Task details
Your copy should hold only the lines from the one with "Sony MDR-7506 headphones" to the one with "A black and", both included, each exactly as it stands below, with no pictures.

Material provided
--
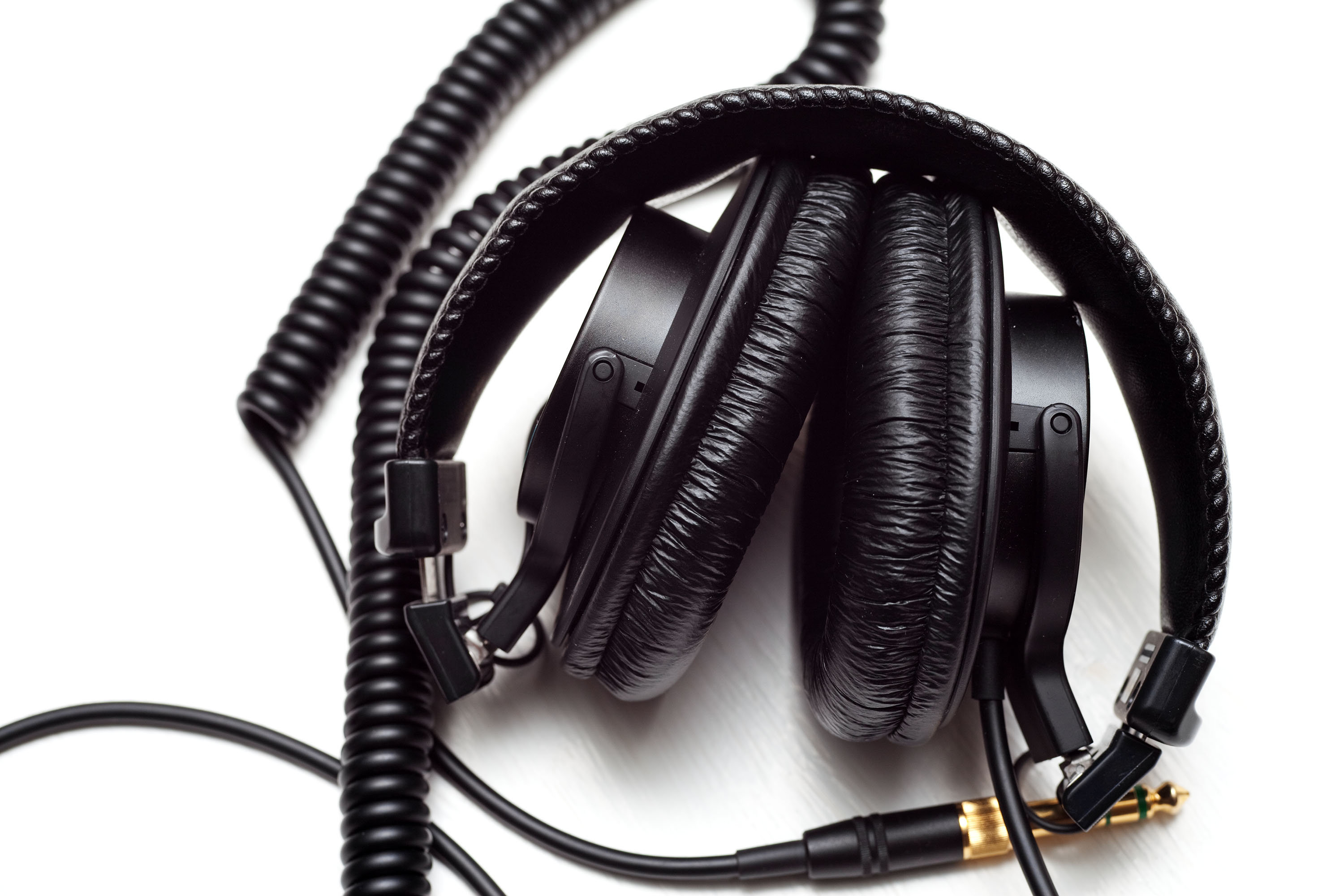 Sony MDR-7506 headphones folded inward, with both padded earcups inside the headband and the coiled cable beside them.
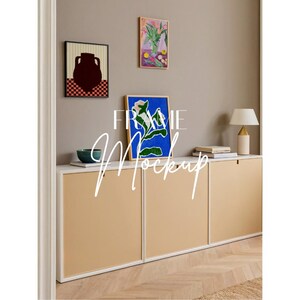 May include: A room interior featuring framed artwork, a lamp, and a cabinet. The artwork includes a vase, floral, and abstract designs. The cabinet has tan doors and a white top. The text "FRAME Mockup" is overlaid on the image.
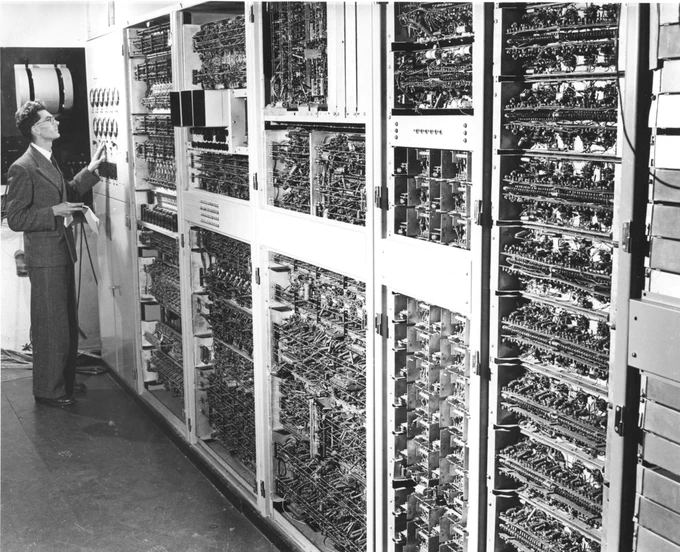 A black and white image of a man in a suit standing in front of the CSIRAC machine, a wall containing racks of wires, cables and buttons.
--
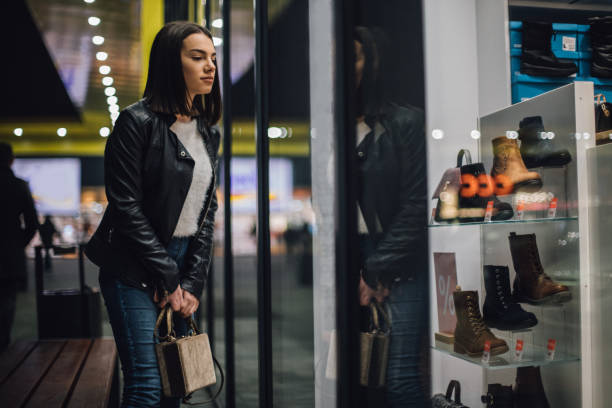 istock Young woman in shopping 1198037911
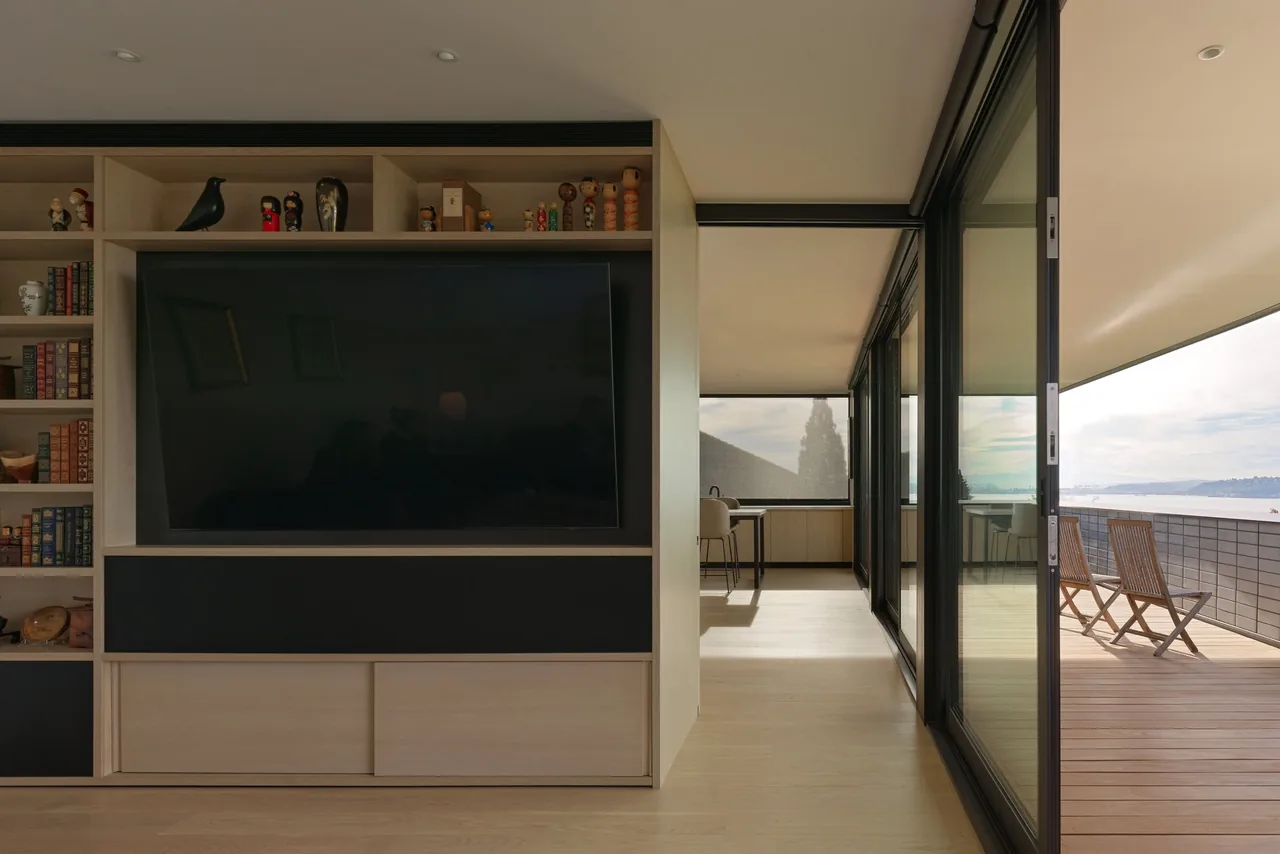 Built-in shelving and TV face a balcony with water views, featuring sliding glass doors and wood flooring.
--
Final answer
 Sony MDR-7506 headphones folded inward, with both padded earcups inside the headband and the coiled cable beside them.
 May include: A room interior featuring framed artwork, a lamp, and a cabinet. The artwork includes a vase, floral, and abstract designs. The cabinet has tan doors and a white top. The text "FRAME Mockup" is overlaid on the image.
 A black and white image of a man in a suit standing in front of the CSIRAC machine, a wall containing racks of wires, cables and buttons.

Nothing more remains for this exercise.